I like the idea of the management tool on one machine, the $5,000 price is more than the cost of both of my systems.  The puppet and chef seem to be configuration control applications that constrain changes to user/admin defined properties.  These are more than what I was looking for but they might also be able to perform the limited action I am looking for such record the system configuration state. 

> >
> > Background:
> > I have installed Jessie on the target desktop which I will use as a work
> > station for both local and remote access from a laptop which I have also
> > installed Jessie and Xen. Being new to Linux, every step I take is an
> > experiment and some of the steps fail and through the help of others
> > online, I eventually recover. But this means my dom0 is probably full
> > of things that are no longer used, or poorly patched. I have rebuilt
> > both of these system from scratch 6 to 8 times due to unrecoverable
> > errors. I have defaulted to rebuilding rather than a recovery disk because:
> > I have not figured out how to build and use a recovery disk (especially
> > on the laptop with no removable drive but with USB ports).
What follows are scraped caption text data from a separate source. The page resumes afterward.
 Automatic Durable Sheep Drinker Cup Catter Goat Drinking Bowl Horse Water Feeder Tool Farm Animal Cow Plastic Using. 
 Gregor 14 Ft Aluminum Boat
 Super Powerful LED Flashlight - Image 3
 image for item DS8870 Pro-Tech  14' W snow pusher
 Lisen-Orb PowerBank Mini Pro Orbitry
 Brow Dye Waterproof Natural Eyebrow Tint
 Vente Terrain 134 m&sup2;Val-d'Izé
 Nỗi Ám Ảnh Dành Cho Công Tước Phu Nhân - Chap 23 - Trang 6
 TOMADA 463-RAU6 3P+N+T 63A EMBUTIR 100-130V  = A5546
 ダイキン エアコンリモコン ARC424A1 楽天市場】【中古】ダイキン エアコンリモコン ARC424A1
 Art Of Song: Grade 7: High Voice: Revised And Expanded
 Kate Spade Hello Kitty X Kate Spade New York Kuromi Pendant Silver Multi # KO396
> > I have accepted this failing as I learn a lot through repetition.
> If your new to Linux, my suggestion would be to use some pre-built
> recovery solution like SystemRescueCD (http://sysresccd.org) (it started
> as a CD-ROM image, but it's useable a number of different ways including
> USB drives and even network booting). It's Gentoo based instead of
> Debian based, so some of the commands might be different from what
> you're used to, but it's one of the best free system recovery tools out
> there.
> >
> > If I had a method to record all these activities, I am sure I would
> > learn better. I have all sorts of notes that I keep online so system
> > failures won't disrupt my records. But my records are not organized very
> > well as I started without a clear understanding of where I was going.
> If you're doing most of this from the command line, you could regularly
> save copies of your shell's command history. I don't really have any
> suggestions for GUI usage, as most of my management activities are done
> solely from the command line.
While I use the GUI a lot, most of the actual configuration is through CLI.  I  like the idea of using the CLI history, but I haven't figured out how to do that effectively or efficiently.  I am guessing there are probably grep and awk ways of doing this, I have not found one.  Just now it seems like I could be tagging my CLI action with key words for searching.  But I could image a GUI that would provide a method with less of a learning curve.